The Apache Parquet is invaluable to efficient work with large data in tabular format. There are two major drivers for Pyhon: pyarrow and fastparquet. The first one can be integrated with Azure data flows (e.g. you can stream and filter data), although it has been limited in supporting more sophisticated data such as timedelta. Remember that writing Parquet incurs memory overhead so better to do this in batches. The relevant code may look as below:

def sql_to_parquet(
    conn, query, column_names, target_dir, n_prefetch=1000000, **parquet_kwargs
):
    """Writes the result of a SQL query to a Parquet file (in chunks).

    Args:
        conn: Psycopg connection object (must be open)
        query: SQL query of "select" type
        column_names: column names given to the resulting SQL table
        target_dir: local directory where Parquet is written to; must exist, data is overwritten
        n_prefetch: chunk of SQL data processed (read from SQL and dumped to Parquet) at a time. Defaults to 1000000.
    """
    with conn.cursor(name="server_side_cursor") as cur:
        # start query
        cur.itersize = n_prefetch
        cur.execute(query)
        # set up consumer
        chunk = 0
        # consume until stream is empty
        while True:
            # get and process one batch
            row_group = cur.fetchmany(n_prefetch)
            chunk += 1
            if len(row_group) > 0:
                out = pd.DataFrame(data=row_group, columns=column_names)
                fname = os.path.join(target_dir, f"part_{chunk:04d}.parquet")
                out.to_parquet(fname, engine="pyarrow", **parquet_kwargs)
            else:
                break


def df_to_parquet(df, target_dir, chunk_size=100000, **parquet_kwargs):
    """Writes pandas DataFrame to parquet format with pyarrow.

    Args:
        df: pandas DataFrame
        target_dir: local directory where parquet files are written to
        chunk_size: number of rows stored in one chunk of parquet file. Defaults to 100000.
    """
    for i in range(0, len(df), chunk_size):
        slc = df.iloc[i : i + chunk_size]
        chunk = int(i / chunk_size)
        fname = os.path.join(target_dir, f"part_{chunk:04d}.parquet")
        slc.to_parquet(fname, engine="pyarrow", **parquet_kwargs)

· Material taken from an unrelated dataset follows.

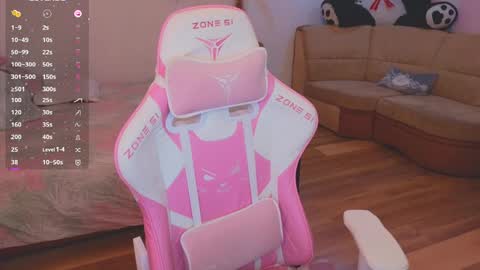 Evie online show from 9, 1, 2025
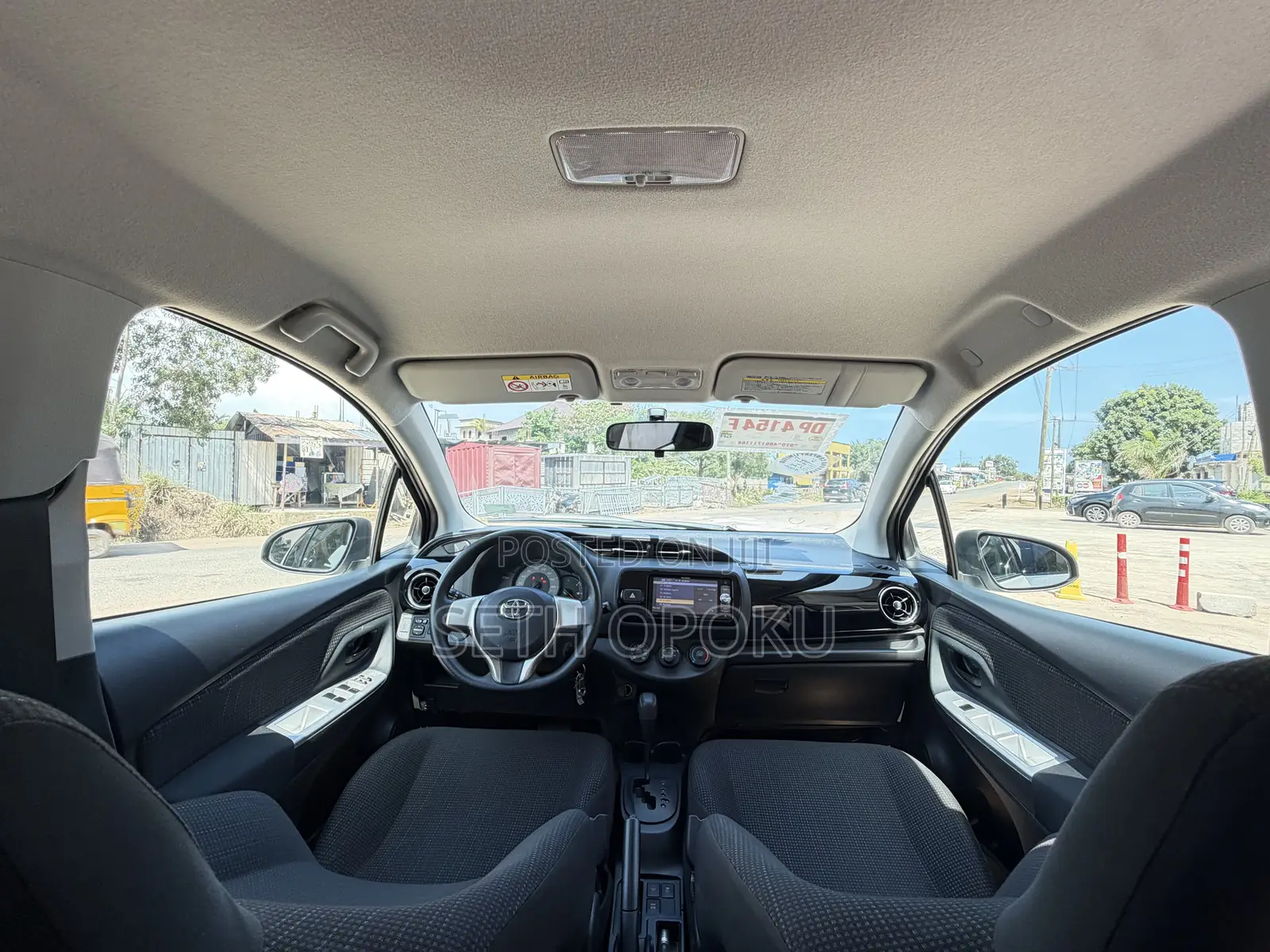 Toyota Vitz 1.3 FWD 5dr 2016 White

Leverage Azure API properly!

The Azure API is both cryptic in documentation and under-explained in data science blogs. Below I am sharing a comprehensive receipt on how to upload and register Parquet data with minimum effort. While uploading makes the data persist, registering enables further Azure features (such as pipe-lining). Best to dump your Parquet file to a directory (large Parquet files should be chunked) with tempfile then use the Azure Dataset class to both upload to the storage (use universally unique identifier for reproducibility/avoiding path collisions) and register to the workspace (use Tabular subclass). Use classes Workspace and Datastore to facilitate interaction with Azure.

from azureml.core import Workspace, Dataset
import tempfile
from uuid import uuid4
import psycopg2

ws = Workspace.from_config()
dstore = ws.datastores.get("my_datastore")

with tempfile.TemporaryDirectory() as tempdir:
    sql_to_parquet(conn, query, query_cols, tempdir)
    target = (dstore, f"raw/{tab}/{str(uuid4())}")
    Dataset.File.upload_directory(tempdir, target)
    ds = Dataset.Tabular.from_parquet_files(target)
    ds.register(
        ws,
        name=f"dataset_{tab}",
        description="created from Sales table",
        tags={"JIRA": "ticket-01"},
        create_new_version=True,
    )

Quantitative overview of Nord Stream 2 issues

The briefing document of the European Parliament offers a quantitative and comprehensive view on the issues with Nord Stream 2. This excellent figure alone explains a lot:

European Parliament Briefings: Russian pipelines to Europe and Turkey.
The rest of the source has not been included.